Developing AI includes collecting data, training models, and deploying models. The tools for AI are primarily developed on Ubuntu Linux. Though most of the software for AI development can be used from packaged containers based on Ubuntu Linux. A few pieces of software are needed to run the containers.
The basic operating system (OS) configurations are:
- Ubuntu Linux
- Windows 10 through Powershell with Windows Subsystem for Linux, Ubuntu version
- Manually install
- Simplified Windows Insider install: wsl -install
- Mac OS X with Homebrew
Source code and container management:
Software needed on top of the base OS.
- openssh for securely pull and uploading source code.
- git for pulling and tracking source code.
- docker-ce for building and running containers.
- docker-compose for build and run commands for containers.

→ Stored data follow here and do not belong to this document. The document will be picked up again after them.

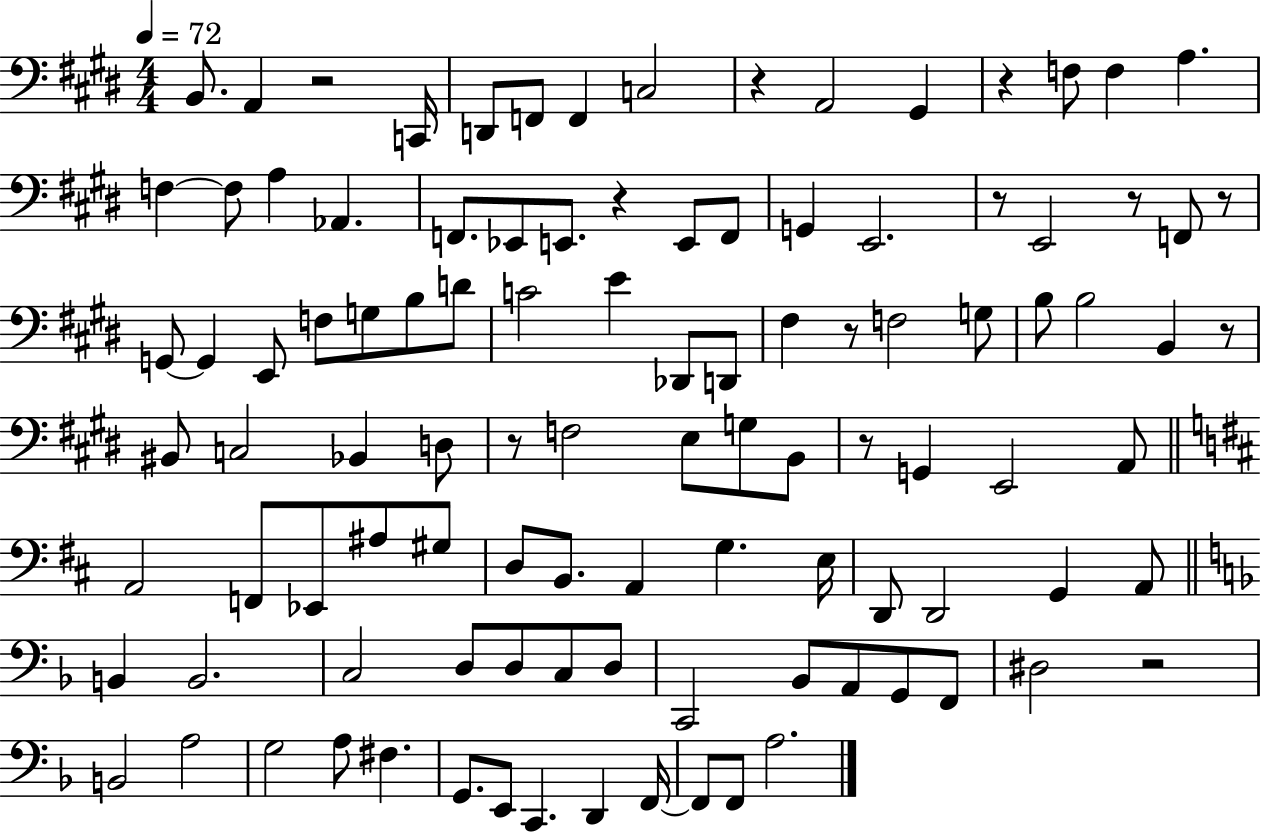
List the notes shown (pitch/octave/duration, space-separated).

B2/e. A2/q R/h C2/s D2/e F2/e F2/q C3/h R/q A2/h G#2/q R/q F3/e F3/q A3/q. F3/q F3/e A3/q Ab2/q. F2/e. Eb2/e E2/e. R/q E2/e F2/e G2/q E2/h. R/e E2/h R/e F2/e R/e G2/e G2/q E2/e F3/e G3/e B3/e D4/e C4/h E4/q Db2/e D2/e F#3/q R/e F3/h G3/e B3/e B3/h B2/q R/e BIS2/e C3/h Bb2/q D3/e R/e F3/h E3/e G3/e B2/e R/e G2/q E2/h A2/e A2/h F2/e Eb2/e A#3/e G#3/e D3/e B2/e. A2/q G3/q. E3/s D2/e D2/h G2/q A2/e B2/q B2/h. C3/h D3/e D3/e C3/e D3/e C2/h Bb2/e A2/e G2/e F2/e D#3/h R/h B2/h A3/h G3/h A3/e F#3/q. G2/e. E2/e C2/q. D2/q F2/s F2/e F2/e A3/h. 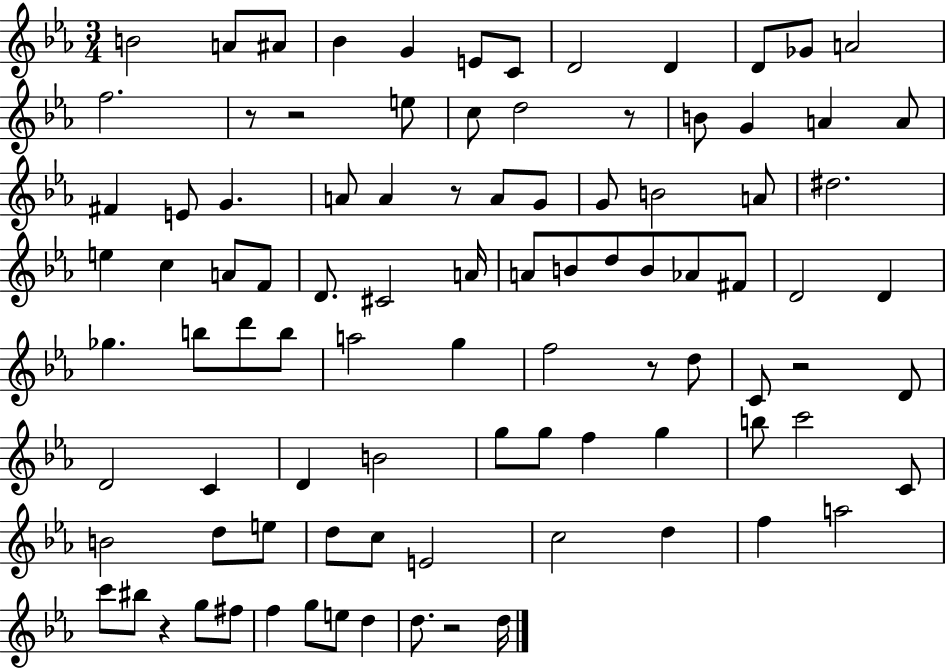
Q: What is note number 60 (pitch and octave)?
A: B4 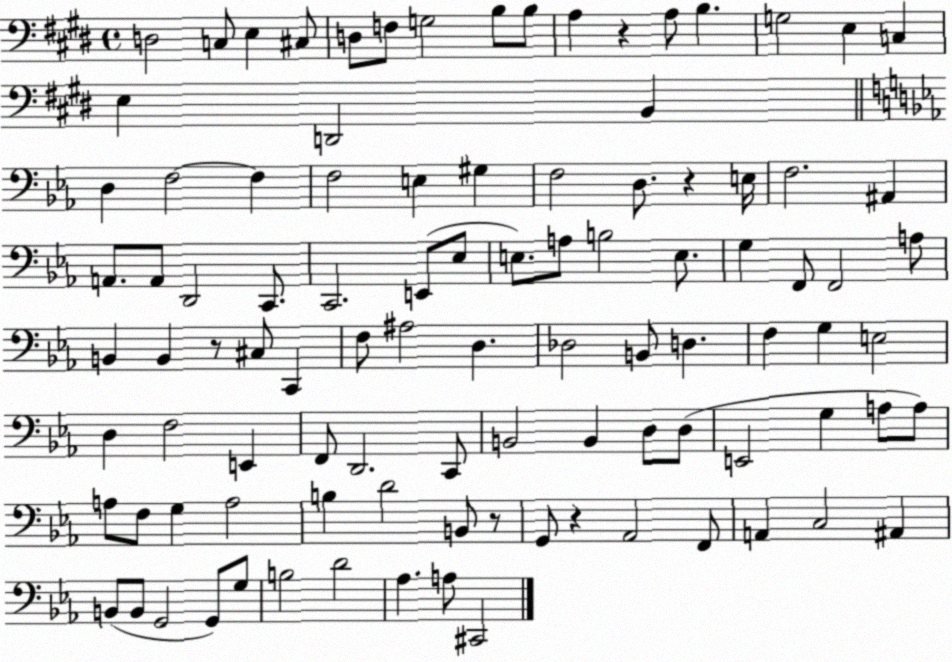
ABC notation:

X:1
T:Untitled
M:4/4
L:1/4
K:E
D,2 C,/2 E, ^C,/2 D,/2 F,/2 G,2 B,/2 B,/2 A, z A,/2 B, G,2 E, C, E, D,,2 B,, D, F,2 F, F,2 E, ^G, F,2 D,/2 z E,/4 F,2 ^A,, A,,/2 A,,/2 D,,2 C,,/2 C,,2 E,,/2 _E,/2 E,/2 A,/2 B,2 E,/2 G, F,,/2 F,,2 A,/2 B,, B,, z/2 ^C,/2 C,, F,/2 ^A,2 D, _D,2 B,,/2 D, F, G, E,2 D, F,2 E,, F,,/2 D,,2 C,,/2 B,,2 B,, D,/2 D,/2 E,,2 G, A,/2 A,/2 A,/2 F,/2 G, A,2 B, D2 B,,/2 z/2 G,,/2 z _A,,2 F,,/2 A,, C,2 ^A,, B,,/2 B,,/2 G,,2 G,,/2 G,/2 B,2 D2 _A, A,/2 ^C,,2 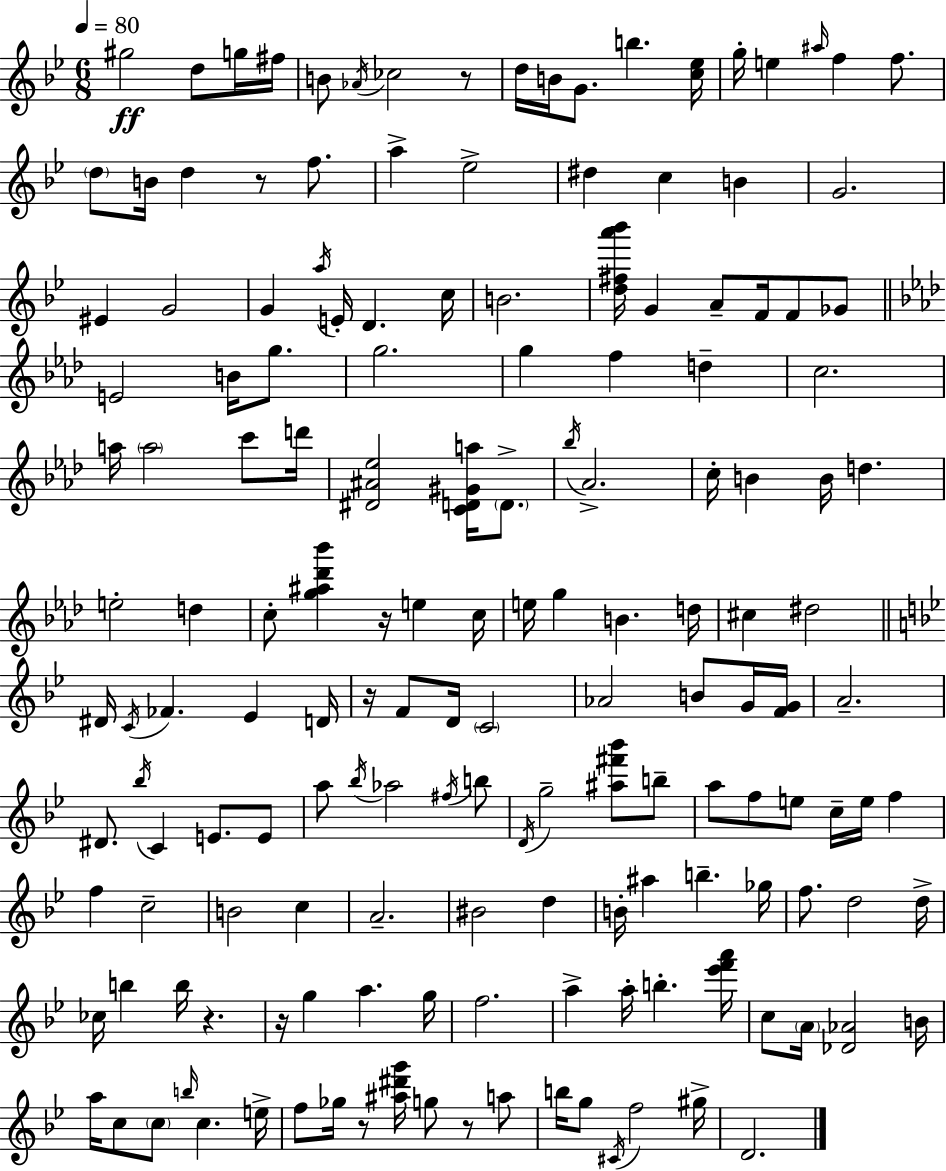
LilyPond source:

{
  \clef treble
  \numericTimeSignature
  \time 6/8
  \key bes \major
  \tempo 4 = 80
  \repeat volta 2 { gis''2\ff d''8 g''16 fis''16 | b'8 \acciaccatura { aes'16 } ces''2 r8 | d''16 b'16 g'8. b''4. | <c'' ees''>16 g''16-. e''4 \grace { ais''16 } f''4 f''8. | \break \parenthesize d''8 b'16 d''4 r8 f''8. | a''4-> ees''2-> | dis''4 c''4 b'4 | g'2. | \break eis'4 g'2 | g'4 \acciaccatura { a''16 } e'16-. d'4. | c''16 b'2. | <d'' fis'' a''' bes'''>16 g'4 a'8-- f'16 f'8 | \break ges'8 \bar "||" \break \key aes \major e'2 b'16 g''8. | g''2. | g''4 f''4 d''4-- | c''2. | \break a''16 \parenthesize a''2 c'''8 d'''16 | <dis' ais' ees''>2 <c' d' gis' a''>16 \parenthesize d'8.-> | \acciaccatura { bes''16 } aes'2.-> | c''16-. b'4 b'16 d''4. | \break e''2-. d''4 | c''8-. <g'' ais'' des''' bes'''>4 r16 e''4 | c''16 e''16 g''4 b'4. | d''16 cis''4 dis''2 | \break \bar "||" \break \key bes \major dis'16 \acciaccatura { c'16 } fes'4. ees'4 | d'16 r16 f'8 d'16 \parenthesize c'2 | aes'2 b'8 g'16 | <f' g'>16 a'2.-- | \break dis'8. \acciaccatura { bes''16 } c'4 e'8. | e'8 a''8 \acciaccatura { bes''16 } aes''2 | \acciaccatura { fis''16 } b''8 \acciaccatura { d'16 } g''2-- | <ais'' fis''' bes'''>8 b''8-- a''8 f''8 e''8 c''16-- | \break e''16 f''4 f''4 c''2-- | b'2 | c''4 a'2.-- | bis'2 | \break d''4 b'16-. ais''4 b''4.-- | ges''16 f''8. d''2 | d''16-> ces''16 b''4 b''16 r4. | r16 g''4 a''4. | \break g''16 f''2. | a''4-> a''16-. b''4.-. | <ees''' f''' a'''>16 c''8 \parenthesize a'16 <des' aes'>2 | b'16 a''16 c''8 \parenthesize c''8 \grace { b''16 } c''4. | \break e''16-> f''8 ges''16 r8 <ais'' dis''' g'''>16 | g''8 r8 a''8 b''16 g''8 \acciaccatura { cis'16 } f''2 | gis''16-> d'2. | } \bar "|."
} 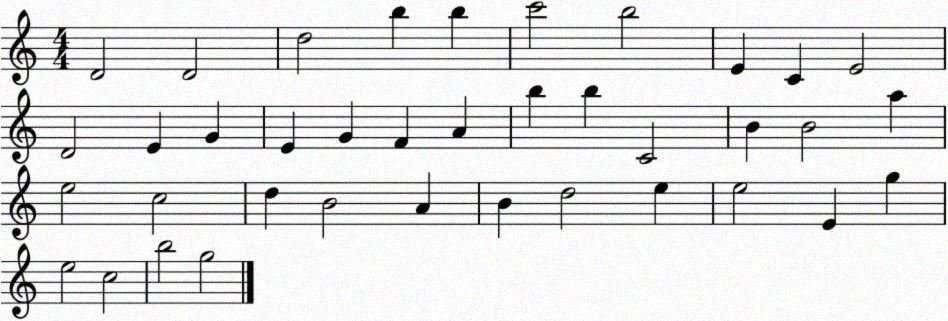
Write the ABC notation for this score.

X:1
T:Untitled
M:4/4
L:1/4
K:C
D2 D2 d2 b b c'2 b2 E C E2 D2 E G E G F A b b C2 B B2 a e2 c2 d B2 A B d2 e e2 E g e2 c2 b2 g2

Check for packages installed on Debian based Unbuntu Linux:
apt list --installed | grep openssh apt list --installed | grep git apt list --installed | grep docker-ce apt list --installed | grep docker-compose
Install packages if needed.
sudo apt-get update sudo apt-get install openssh git docker-ce docker-compose
Training models is very computationally expensive and highly parallel graphics processing units (GPU) can speed up training to more reasonable times. The host computer needs a few packages for accessing GPUs from the Docker containers. Some of main packages for training AI models: Tensorflow, and Pytorch are currently only configured to use Nvidia GPUs through the CUDA API though support for ATI Radeon GPUs is in progress on Pytorch. Also GPU access from Docker containers has only been available on Linux though Windows support may be in progress.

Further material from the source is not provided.